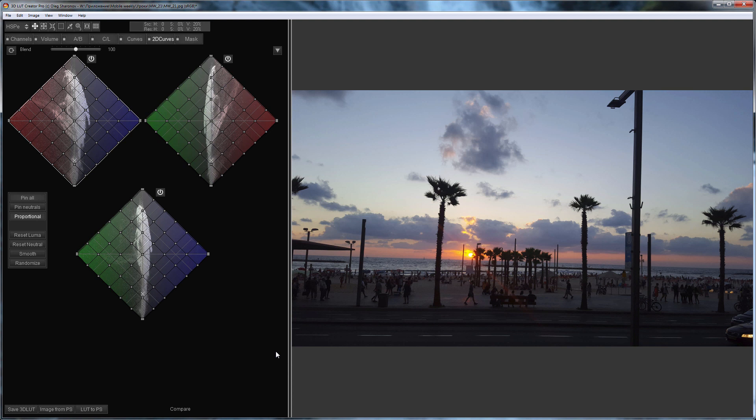In a previous lesson, I told you that 2D curves are side projections of RGB cube. The neutral color in the 2D curves run along the central diagonal. Shadows are at the bottom, highlights are at the top.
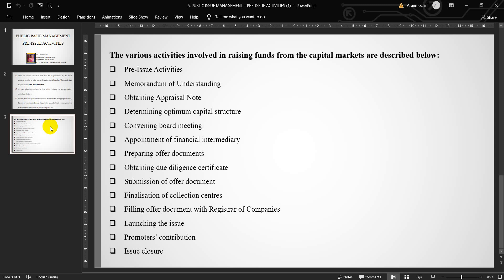Third, determining optimum capital structure. The level of capital that would maximize the shareholders' values and minimize the overall cost of capital has to be determined. This has to be done considering the nature and size of the project. Equity funding is preferable especially when the project is capital intensive.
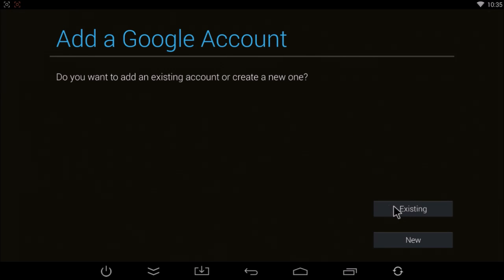So to do so, you would either use an existing Gmail account that you have, or if you want, you can always create a new one simply for your box. Or if you don't have a Gmail account, just click on create new.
*****
Task to complete ->
The material above should be printed again exactly, with each picture left out.

Solution ->
In a previous lesson, I told you that 2D curves are side projections of RGB cube. The neutral color in the 2D curves run along the central diagonal. Shadows are at the bottom, highlights are at the top.
Third, determining optimum capital structure. The level of capital that would maximize the shareholders' values and minimize the overall cost of capital has to be determined. This has to be done considering the nature and size of the project. Equity funding is preferable especially when the project is capital intensive.
So to do so, you would either use an existing Gmail account that you have, or if you want, you can always create a new one simply for your box. Or if you don't have a Gmail account, just click on create new.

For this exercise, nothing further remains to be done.